** Data for this exercise follows **

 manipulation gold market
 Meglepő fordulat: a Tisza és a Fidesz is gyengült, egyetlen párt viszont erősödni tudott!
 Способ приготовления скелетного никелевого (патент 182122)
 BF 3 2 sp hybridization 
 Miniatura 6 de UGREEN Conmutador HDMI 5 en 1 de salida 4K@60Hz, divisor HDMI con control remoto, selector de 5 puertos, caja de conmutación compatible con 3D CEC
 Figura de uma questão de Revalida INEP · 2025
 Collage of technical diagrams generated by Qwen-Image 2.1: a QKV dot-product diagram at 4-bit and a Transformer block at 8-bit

** End of Data for this exercise **
** Data for this exercise follows **

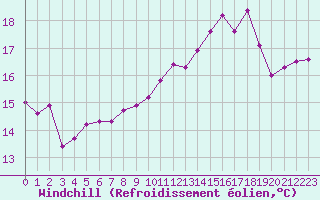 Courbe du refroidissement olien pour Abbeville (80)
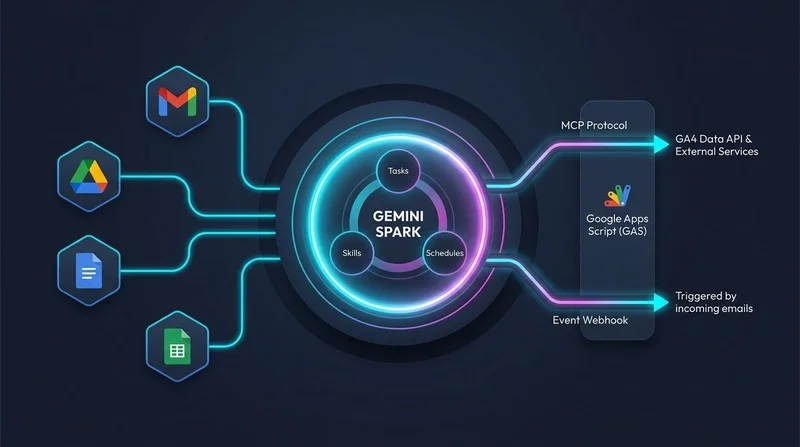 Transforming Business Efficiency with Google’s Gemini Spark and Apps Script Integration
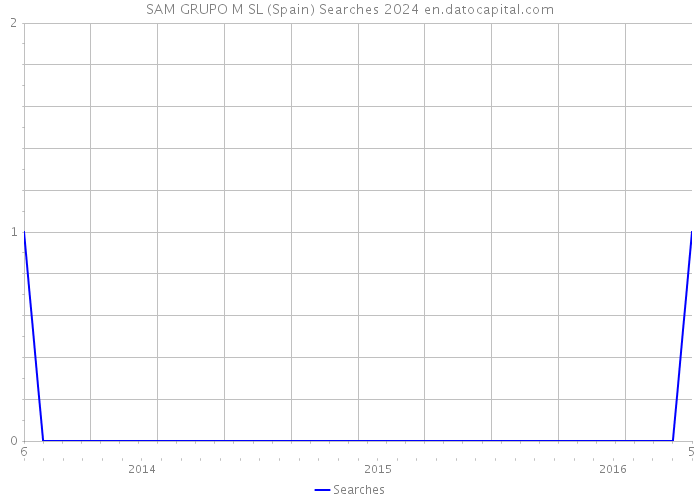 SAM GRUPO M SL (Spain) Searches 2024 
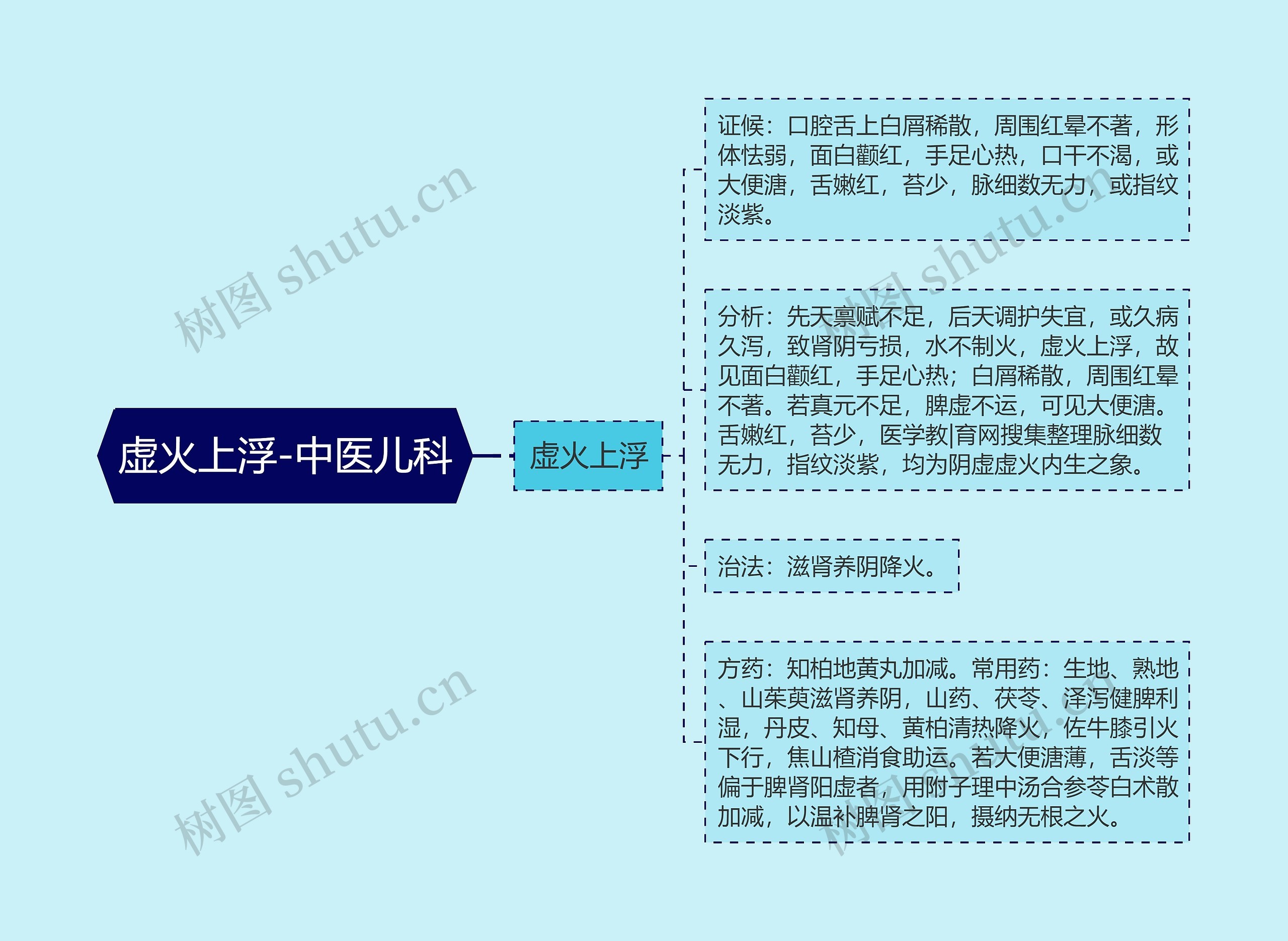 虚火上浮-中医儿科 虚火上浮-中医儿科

** End of Data for this exercise **
** Data for this exercise follows **

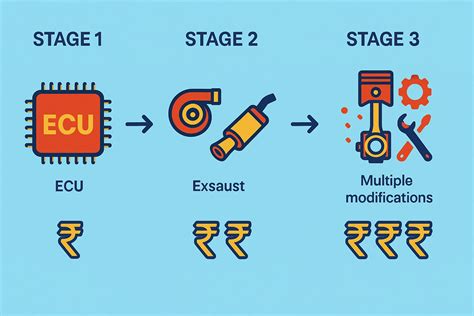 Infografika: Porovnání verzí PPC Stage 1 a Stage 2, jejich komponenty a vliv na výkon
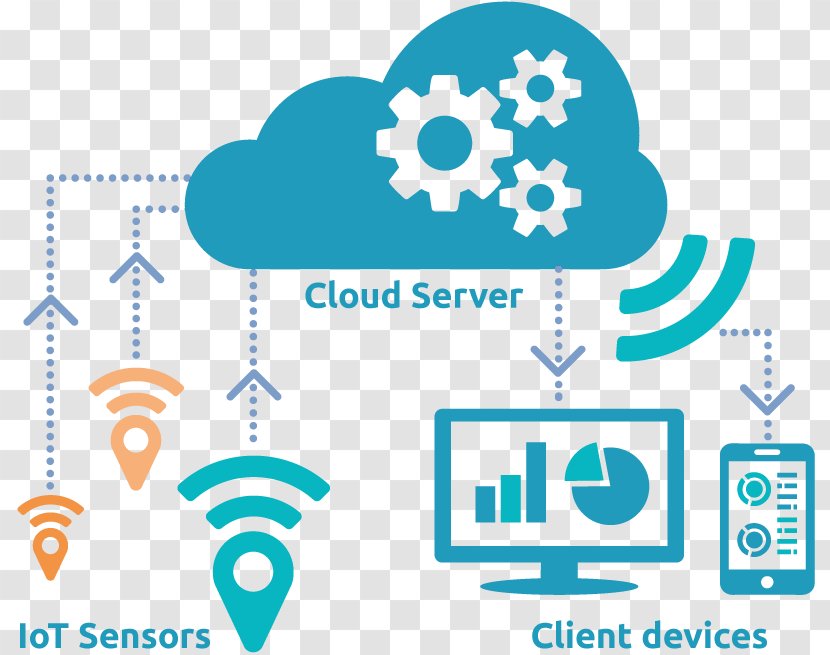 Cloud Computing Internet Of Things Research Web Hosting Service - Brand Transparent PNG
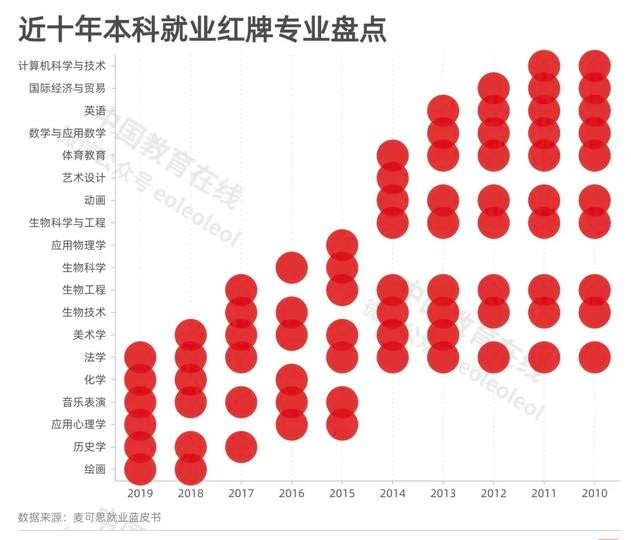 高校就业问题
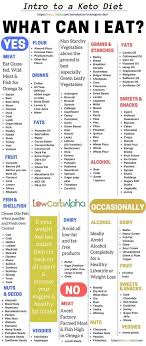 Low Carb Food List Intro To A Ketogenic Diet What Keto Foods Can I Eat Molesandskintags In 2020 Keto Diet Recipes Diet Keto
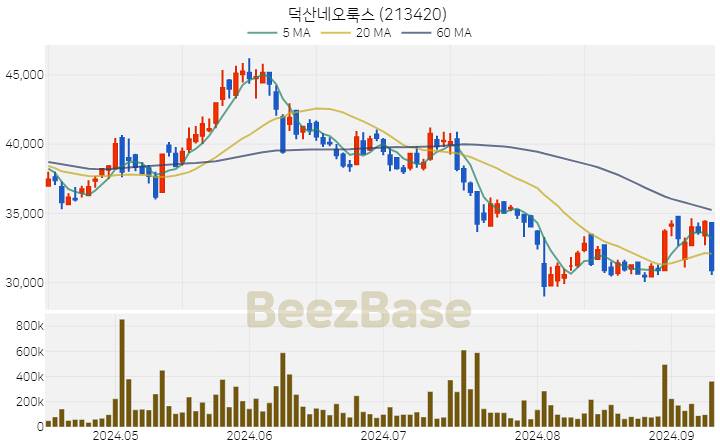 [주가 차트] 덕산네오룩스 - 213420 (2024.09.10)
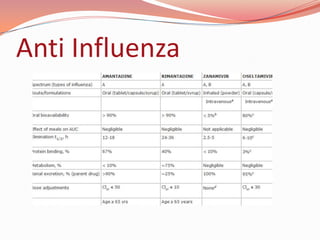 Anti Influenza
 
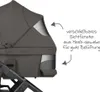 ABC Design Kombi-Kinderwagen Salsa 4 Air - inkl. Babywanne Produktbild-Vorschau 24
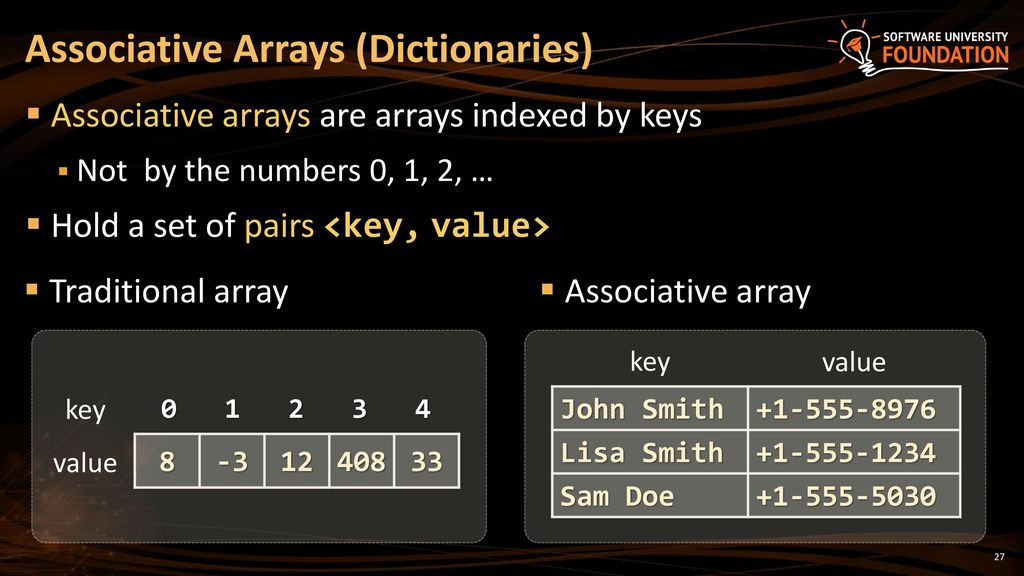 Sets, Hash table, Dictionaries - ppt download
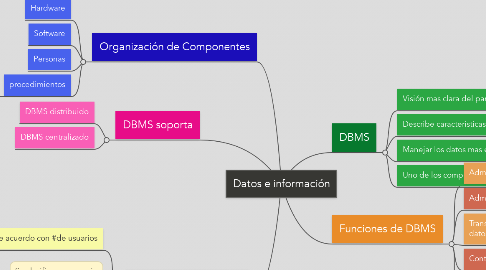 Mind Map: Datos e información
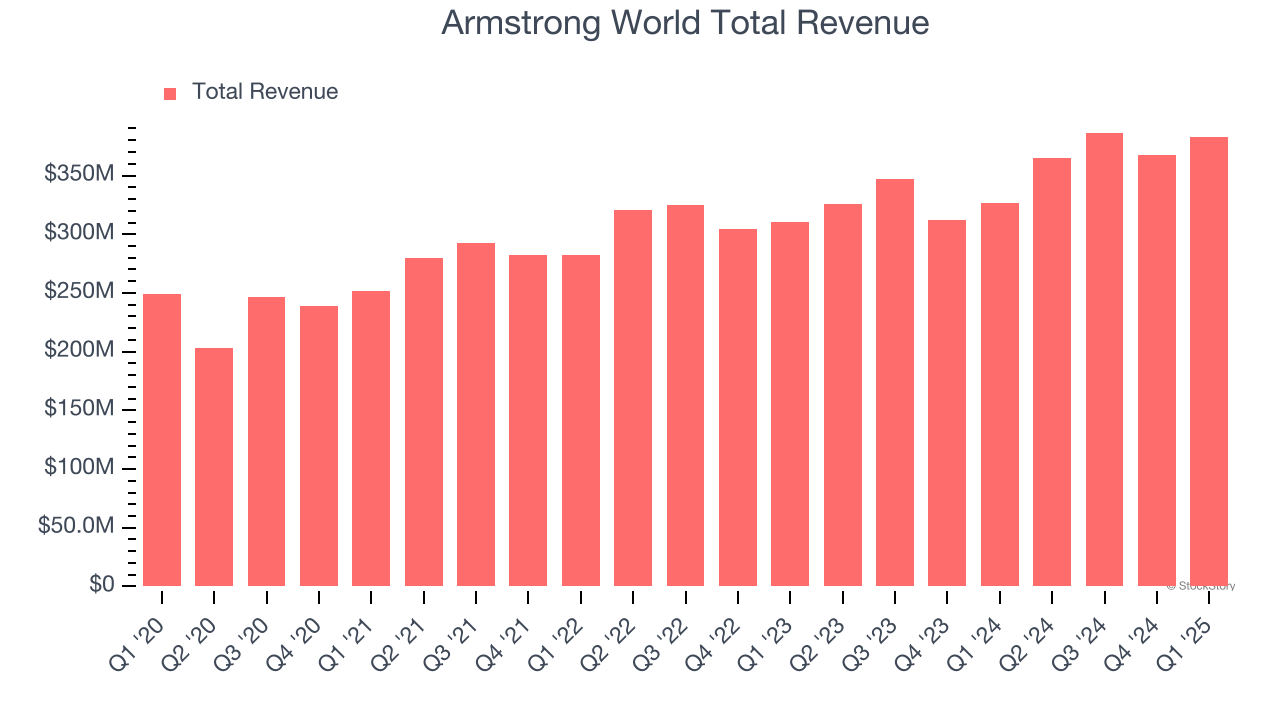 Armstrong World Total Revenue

** End of Data for this exercise **

▶ **Task statement**
Starting with the line that has "Mind Map: Datos e información" and going on through the line that has "Armstrong World Total Revenue", transcribe the records above exactly, but skip the pictures.

▶ **Solved problem**
 Mind Map: Datos e información
 Armstrong World Total Revenue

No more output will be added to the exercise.